翌日は普通に時間どうりに出勤したのだった。
もちろん、あの風呂敷包みを抱えながら。

「おはようございまーす」午後からの出勤のシフトだったが、午後でも夜でも出勤した時の従業員同士の挨拶は
「おはようございます」なのだ。これは、どこでも慣例になっている挨拶の仕方だ。

早速、午前中開店時間から出社していたSさんが来た。
「おはよう。〇〇ちゃん。どうだった?おうちの人に話してみた?」またもや弾むような声と笑顔で、言い寄ってきた。
「あの・・・、それが・・・」私がしどろもどろで話しだしたのでSさんは
「ん?」と不思議がった顔つきになった。

(ええーい、どうにでもなれ!)半ばやけっぱちで、Sさんに話し始めた。
「実は、両親から、もの凄く怒られまして、うちには要らないから、丁重にお返しなさい、と言われて。持って来ました。」

まだ、タイムカードを押す前だったので、事務所には他に誰もいない。私とSさんだけだった。


なんですって?
もう一度、聞いていいかしら?
なんですって?


Sさんの顔つきが、厳しい顔つきに徐々に変化するではないか。
「ええ。だから、うちの親が、うちには昔から神棚に信仰してる神様が祭ってあるから、その神様を捨ててまで、Sさんの信仰する御札をお祭りすることは、出来ない!とかたくなに、拒絶されました。なので、私も親の考えには逆らえないとこもあるので、これ、お返ししてこいと、言われたので、持って来ました。」
そう言うと、私はSさんに風呂敷包みをどっかと、渡した。

Sさんが何か言おうとしていたが、タイムカードを押さなきゃ遅刻になってしまうので、
「すみません。
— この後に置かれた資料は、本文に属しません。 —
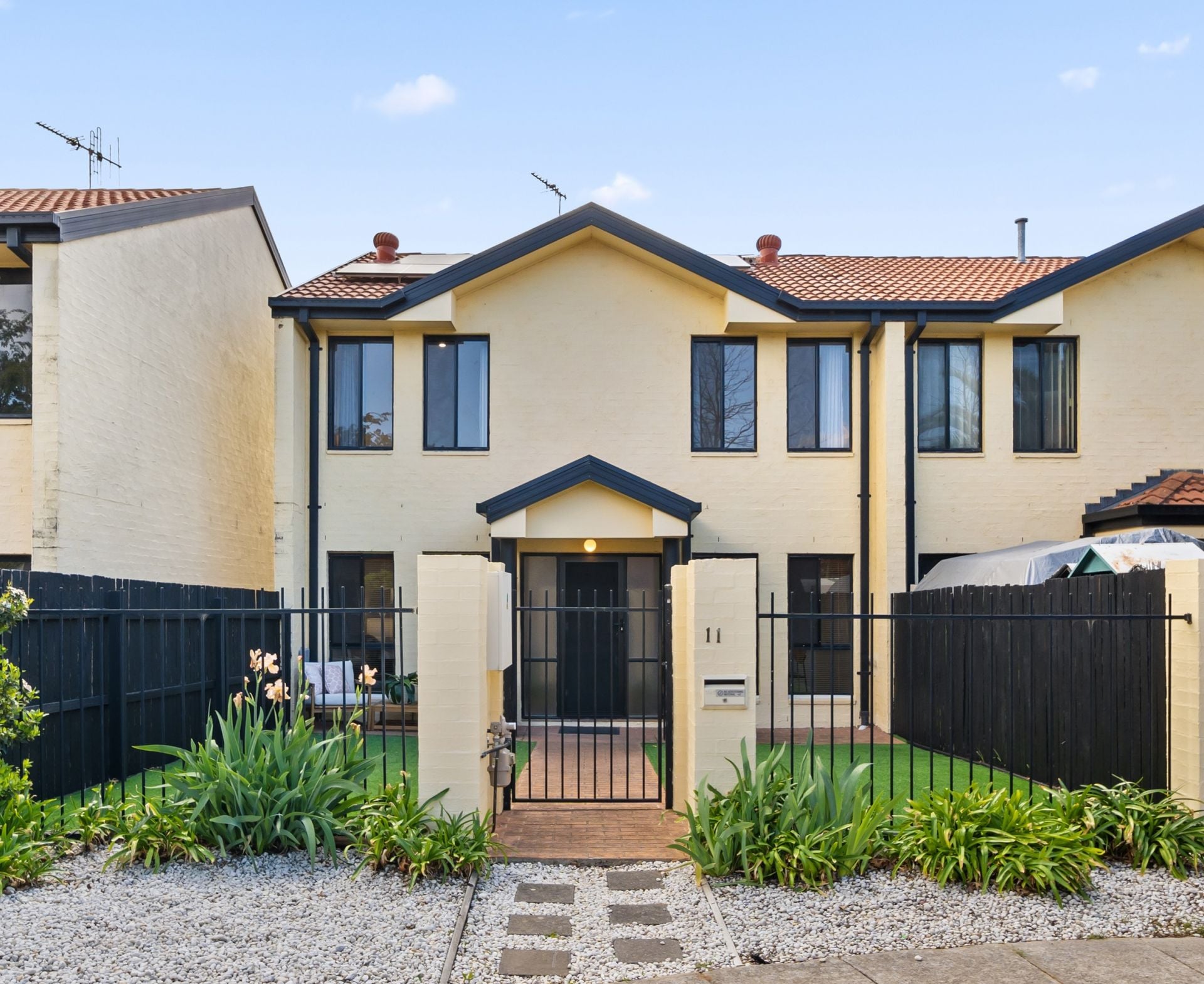 11 Haystack Crescent Palmerston ACT, Palmerston - Thumbnail 2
仕事に入らせていただきます」
そう言うと、私はタイムカードを打刻して売り場に逃げた。

後ろからは、Sさんの冷たい、怒りの視線が感じとれていた。

売り場には、パートさんや、バイト君、もちろん社員数名もいた。
それぞれに、それぞれの仕事をこなしていた。
一応、一巡しては「おはようございまーす」と挨拶して「今日もよろしくおねがいしまーす」と昨日は何も無かった素振りで、私は私の持ち場である、医薬品のとこに行った。
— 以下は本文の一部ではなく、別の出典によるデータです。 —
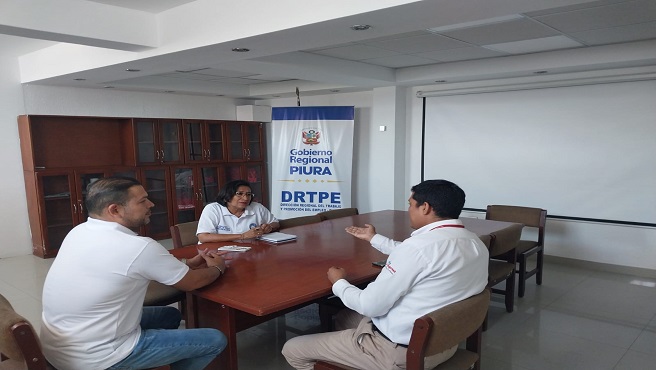 En las oficinas de la DRTPE- Piura se realizó una reunión con el Programa Tu Empresa se realizó una reunión con el Programa Nacional Tu Empresa del Ministerio de la Producción.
個人経営のドラッグストアだったので、問屋さんが週に2回納品を持ってきていた。
それを問屋さん持参の、うちの店用の伝票と共に持ってきて、問屋さんと検品をした。
検品が終わると、自分たちで品出しが始まる。
そんな感じのシステムだった。
もちろん、製薬会社の営業さん(今はMRっていうよね)も時々来てて、医薬品の納入の決定権は薬剤師である店長にあったが、健食などは、私が決めてもいいことになっていた。
店長が休みの時は、医薬品の決定権は、資格のないのにSさんが決めていた。
今じゃ、考えられない話だ。

検品作業は細かいものも多かったから、問屋さんが読み上げて、私が現物の数と伝票の数を見比べて、相違無ければ伝票に☑をいれていた。
ひととおり、検品作業が終わって、必要な伝票(店控え。この伝票は4枚綴りの複写で、一枚目が店控えで後は問屋さん持ち帰りだったはず)をまとめて、
「さあ~て、だすかねぇ」とオリコン(折りたためるコンテナBOXを略してオリコンという)の中から、小さなダンボールに入ったものから出そうと考えていた時だった。

「〇〇ちゃ~ん、ちょっと、いいかしらぁ?」
「ん?誰か聞き覚えのある声が、私を呼んでるぞ」とその声のする方を見た。

Sさんだった。
Sさんはゴンドラ(棚のことを、こう呼ぶ)の端っこから半分顔を出して、私に手招きしていた。
しかも、笑顔で。見事に作った笑顔で。
(なんだろう?今仕事中だし。これ結構時間かかるし。他にもやること山積みなんだよね)と内心思いながらも、
呼んでるSさんのとこに行った。

「あの・・・。なんなんですか?今、品出ししてるとこなんですが」と私。
Sさんは、ちらっと辺りを見渡しながら、小声でこんな事を言い出したではないか!

いい?〇〇ちゃん。
今に、絶対、〇〇ちゃんに
悪いことが必ず起きるから。
絶対によ!
悪いことが起きるから!

ドヒャーッ!!!
きたよ、きた!!!
「えっ?・・・・。」

だから・・・、
もう一度言うけど、いい?
〇〇ちゃんに、絶対に、今に、
必ず、悪いことが、
起きるから!!!
絶対によ!!!
(キーッ!!!)

そうSさんは小声ではあったが、私をガン見しながら言った。
私は返す言葉も無く、ただ抱えていたダンボールの小箱を眺めていた。
そして、これからが、私にとって悪夢の日々の始まりでもあった。

お客様が私達のそばを通ったら、何くわぬ顔で
「いらっしゃいませ~え」と作り笑顔で言いながら、Sさんは私に仕事の話をしだした。
仕事で私がSさんと話している、という印象をお客様に付けるかのように。
もちろん、他の従業員がそばを通っても同じだった。


しかし・・・。この日だけ、この時だけでは無かったのだった。




つづく・・・・。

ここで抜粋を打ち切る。